• TASK DETAILS:
Your answer should be the records again, unchanged in wording and free of images.

Items from a data source
- Opening Delimiter -
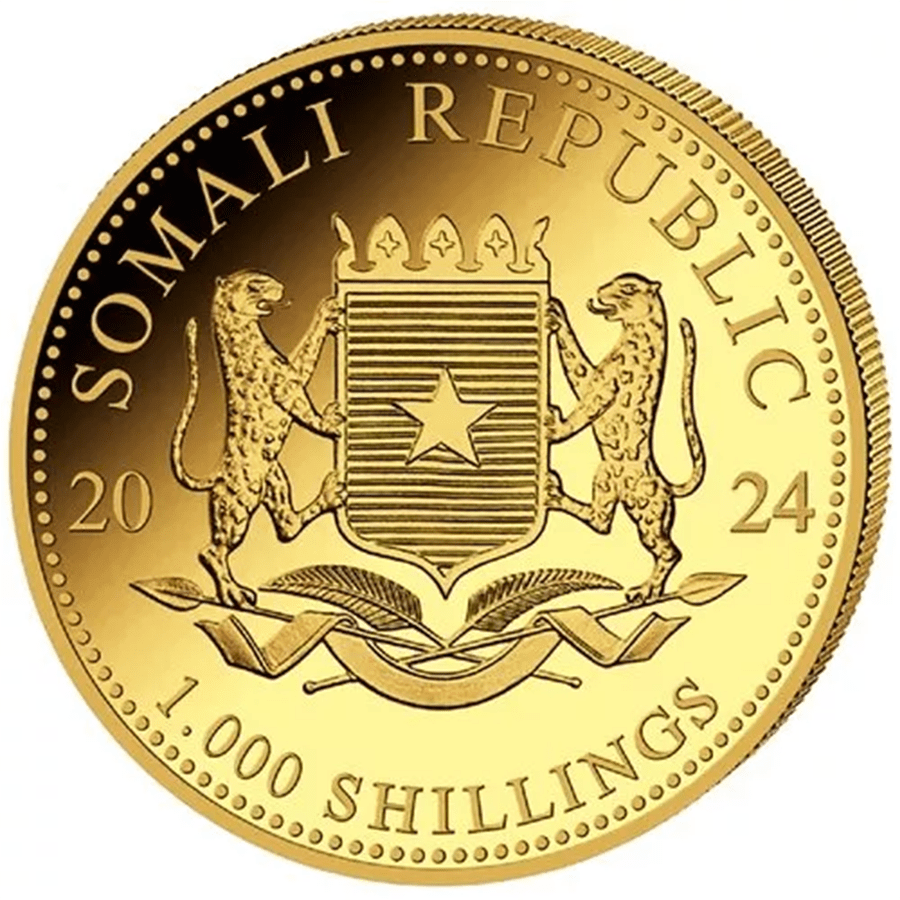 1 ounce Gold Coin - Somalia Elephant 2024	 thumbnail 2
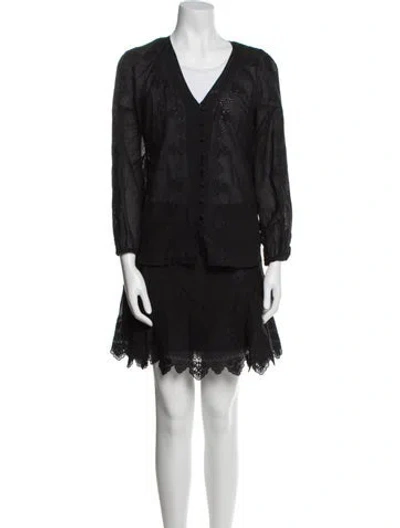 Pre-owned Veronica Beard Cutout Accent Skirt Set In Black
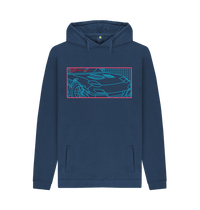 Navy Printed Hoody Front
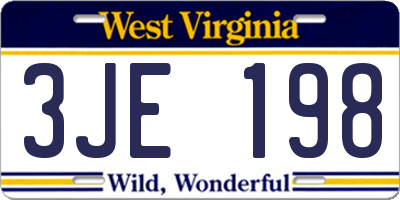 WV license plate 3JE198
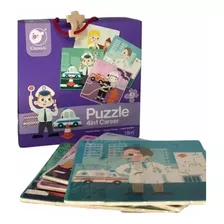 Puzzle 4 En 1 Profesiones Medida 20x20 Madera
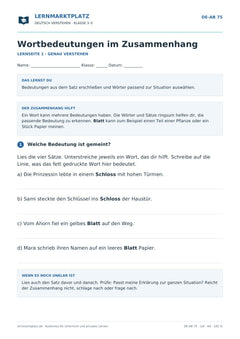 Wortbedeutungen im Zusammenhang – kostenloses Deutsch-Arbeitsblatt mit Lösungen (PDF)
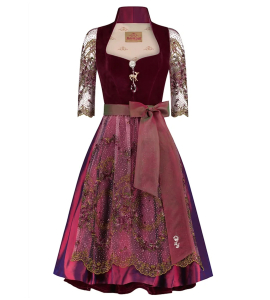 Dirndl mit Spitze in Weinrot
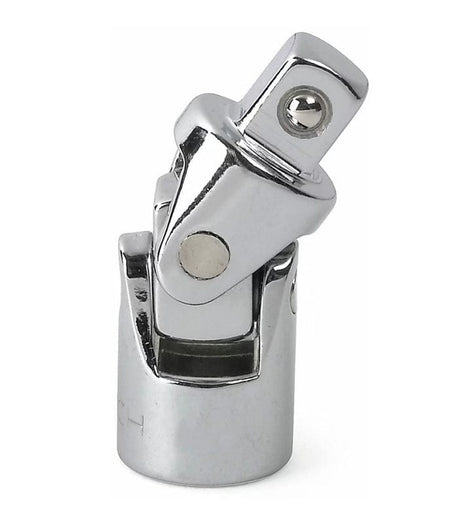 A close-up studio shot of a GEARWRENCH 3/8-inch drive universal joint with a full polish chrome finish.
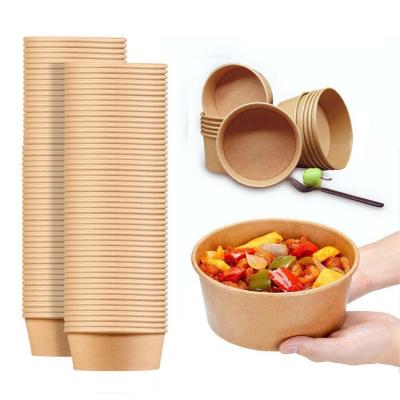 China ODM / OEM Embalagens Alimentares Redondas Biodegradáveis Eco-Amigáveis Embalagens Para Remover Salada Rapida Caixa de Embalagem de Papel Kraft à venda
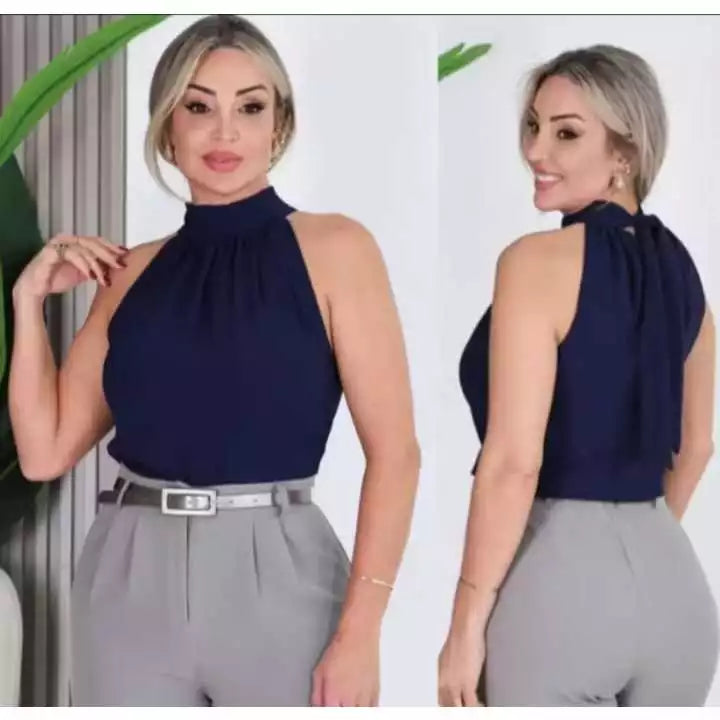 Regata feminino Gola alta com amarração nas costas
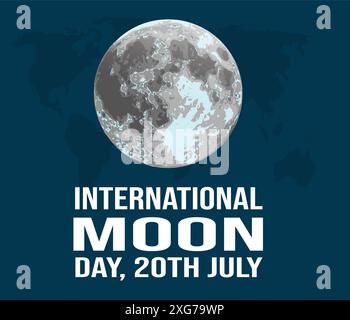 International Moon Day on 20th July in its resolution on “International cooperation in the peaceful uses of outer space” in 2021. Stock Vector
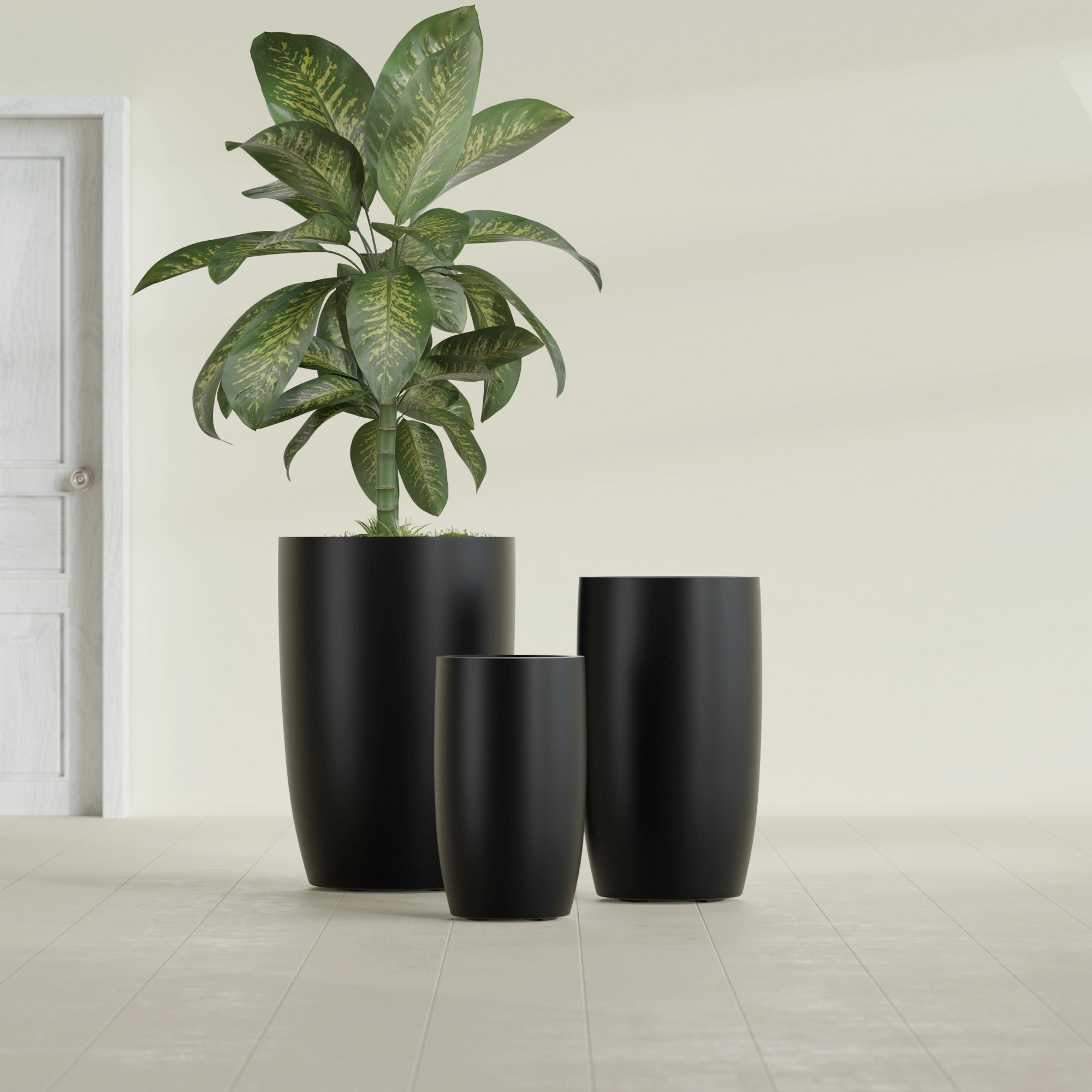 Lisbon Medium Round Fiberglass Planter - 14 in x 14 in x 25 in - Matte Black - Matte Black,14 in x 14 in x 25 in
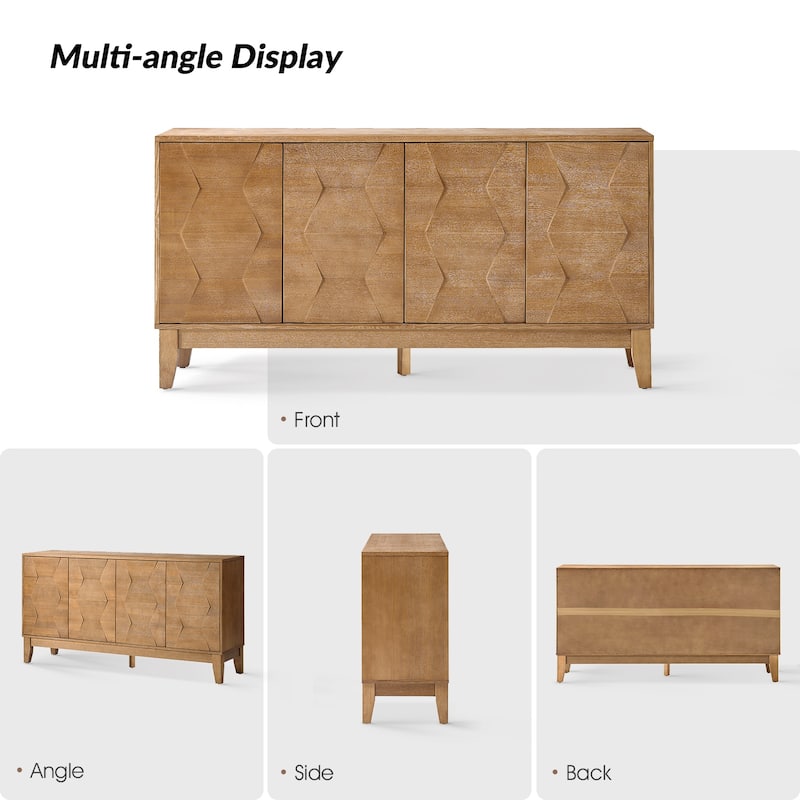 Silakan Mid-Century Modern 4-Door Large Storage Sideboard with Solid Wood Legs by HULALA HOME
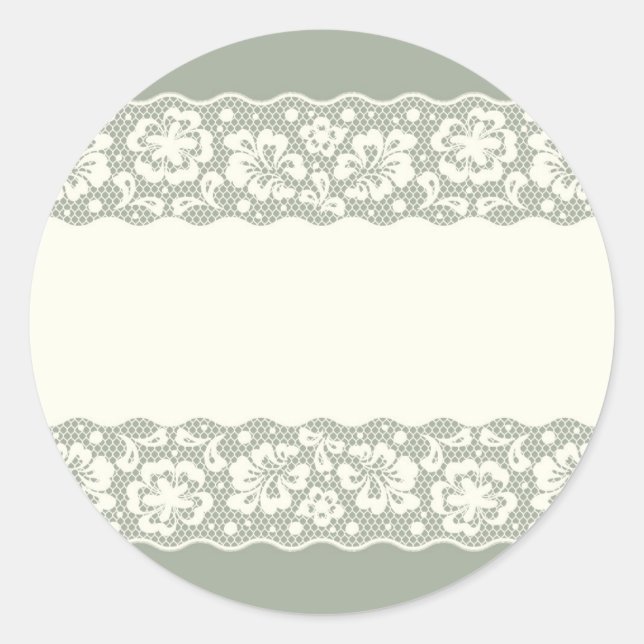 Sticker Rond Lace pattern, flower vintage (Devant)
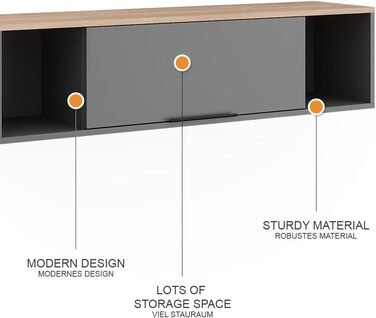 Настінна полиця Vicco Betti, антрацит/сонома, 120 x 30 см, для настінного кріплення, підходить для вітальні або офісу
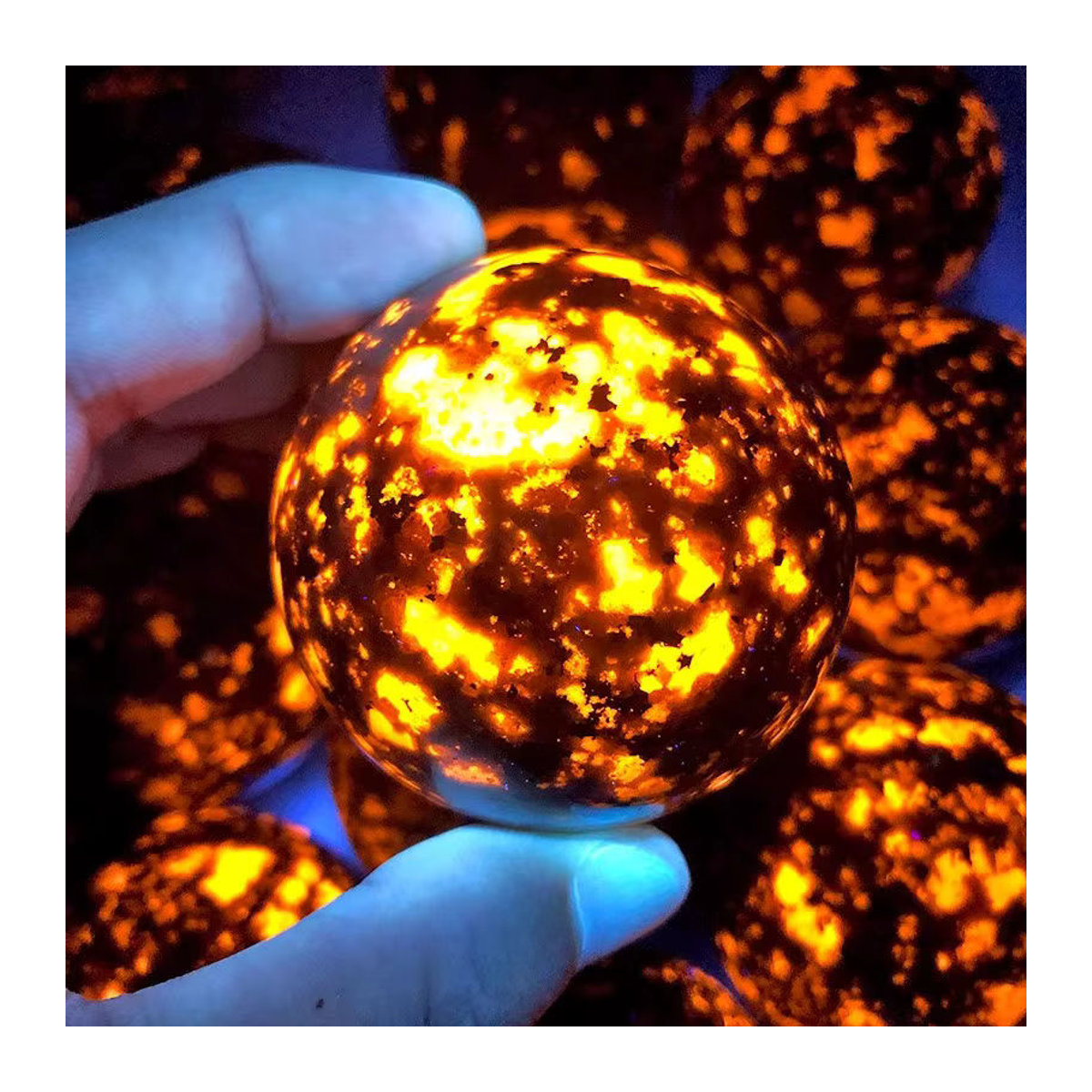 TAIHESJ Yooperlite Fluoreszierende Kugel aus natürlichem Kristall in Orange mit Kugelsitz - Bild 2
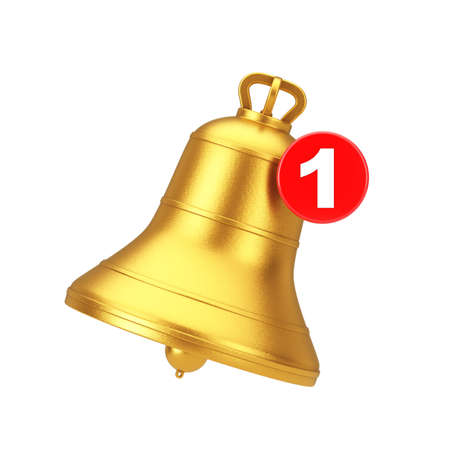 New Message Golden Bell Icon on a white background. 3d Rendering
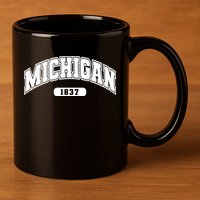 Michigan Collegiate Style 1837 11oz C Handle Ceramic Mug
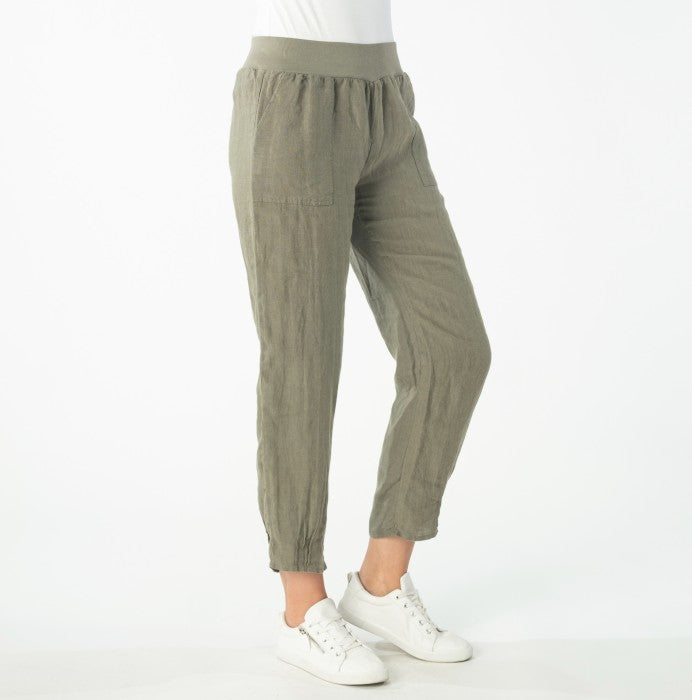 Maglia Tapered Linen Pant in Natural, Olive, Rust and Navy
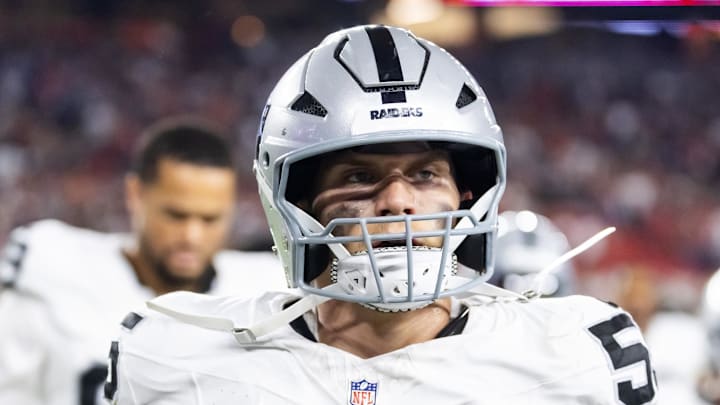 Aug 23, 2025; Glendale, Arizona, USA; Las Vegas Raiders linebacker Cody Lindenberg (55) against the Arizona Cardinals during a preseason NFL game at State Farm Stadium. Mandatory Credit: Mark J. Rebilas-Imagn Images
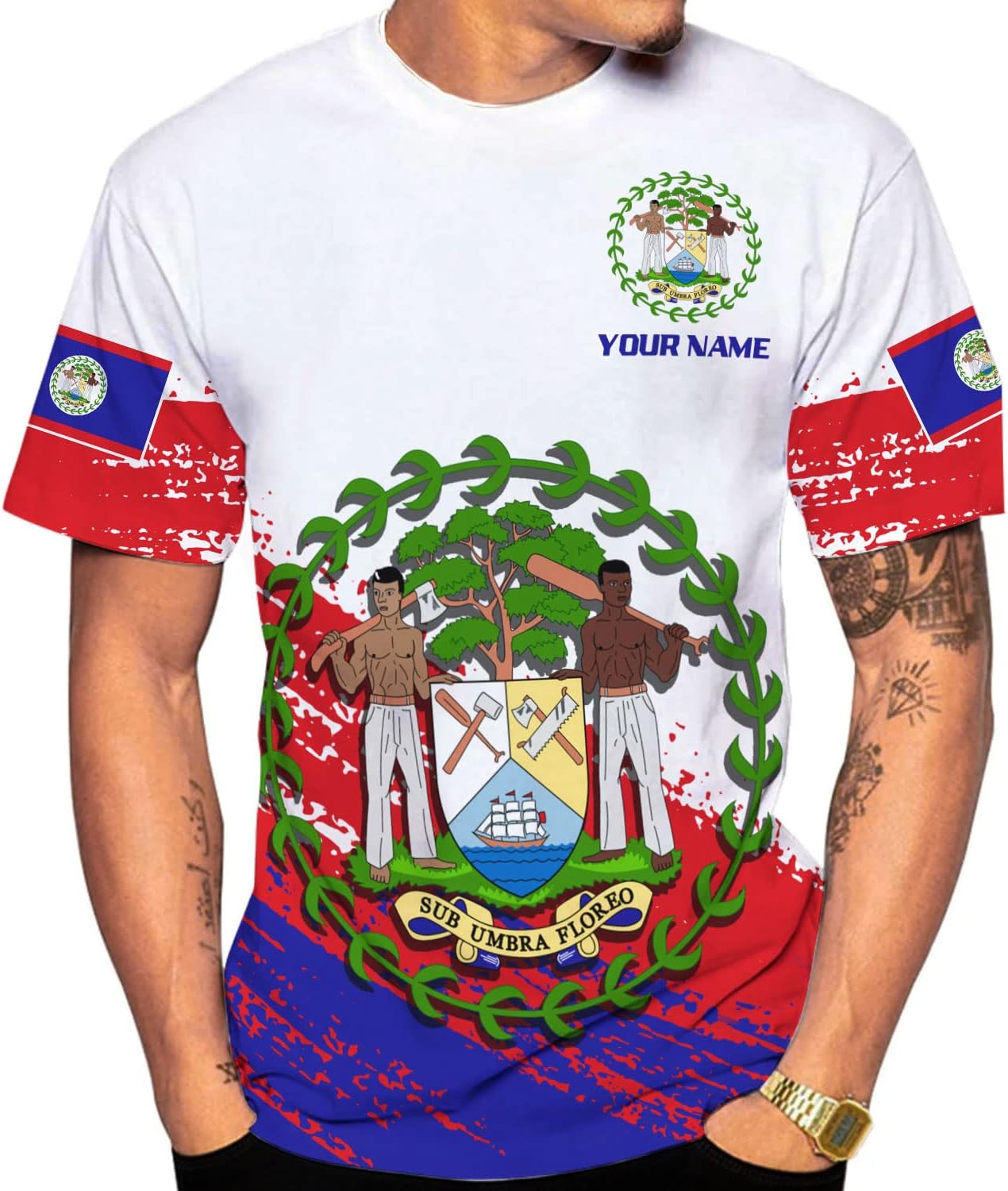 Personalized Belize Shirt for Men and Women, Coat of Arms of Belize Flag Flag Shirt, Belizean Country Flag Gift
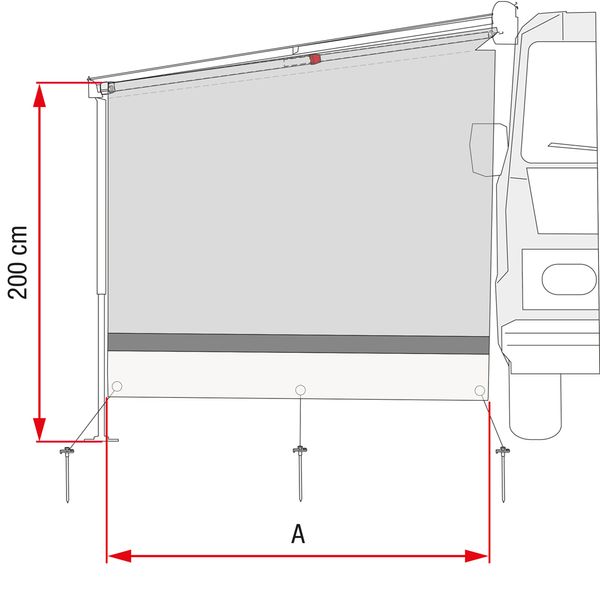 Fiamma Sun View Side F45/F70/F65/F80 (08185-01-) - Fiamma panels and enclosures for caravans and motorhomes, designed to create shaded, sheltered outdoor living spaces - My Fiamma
- Closing Delimiter -
• EXERCISE RESULT:
 1 ounce Gold Coin - Somalia Elephant 2024	 thumbnail 2
 Pre-owned Veronica Beard Cutout Accent Skirt Set In Black
 Navy Printed Hoody Front
 WV license plate 3JE198
 Puzzle 4 En 1 Profesiones Medida 20x20 Madera
 Wortbedeutungen im Zusammenhang – kostenloses Deutsch-Arbeitsblatt mit Lösungen (PDF)
 Dirndl mit Spitze in Weinrot
 A close-up studio shot of a GEARWRENCH 3/8-inch drive universal joint with a full polish chrome finish.
 China ODM / OEM Embalagens Alimentares Redondas Biodegradáveis Eco-Amigáveis Embalagens Para Remover Salada Rapida Caixa de Embalagem de Papel Kraft à venda
 Regata feminino Gola alta com amarração nas costas
 International Moon Day on 20th July in its resolution on “International cooperation in the peaceful uses of outer space” in 2021. Stock Vector
 Lisbon Medium Round Fiberglass Planter - 14 in x 14 in x 25 in - Matte Black - Matte Black,14 in x 14 in x 25 in
 Silakan Mid-Century Modern 4-Door Large Storage Sideboard with Solid Wood Legs by HULALA HOME
 Sticker Rond Lace pattern, flower vintage (Devant)
 Настінна полиця Vicco Betti, антрацит/сонома, 120 x 30 см, для настінного кріплення, підходить для вітальні або офісу
 TAIHESJ Yooperlite Fluoreszierende Kugel aus natürlichem Kristall in Orange mit Kugelsitz - Bild 2
 New Message Golden Bell Icon on a white background. 3d Rendering
 Michigan Collegiate Style 1837 11oz C Handle Ceramic Mug
 Maglia Tapered Linen Pant in Natural, Olive, Rust and Navy
 Aug 23, 2025; Glendale, Arizona, USA; Las Vegas Raiders linebacker Cody Lindenberg (55) against the Arizona Cardinals during a preseason NFL game at State Farm Stadium. Mandatory Credit: Mark J. Rebilas-Imagn Images
 Personalized Belize Shirt for Men and Women, Coat of Arms of Belize Flag Flag Shirt, Belizean Country Flag Gift
 Fiamma Sun View Side F45/F70/F65/F80 (08185-01-) - Fiamma panels and enclosures for caravans and motorhomes, designed to create shaded, sheltered outdoor living spaces - My Fiamma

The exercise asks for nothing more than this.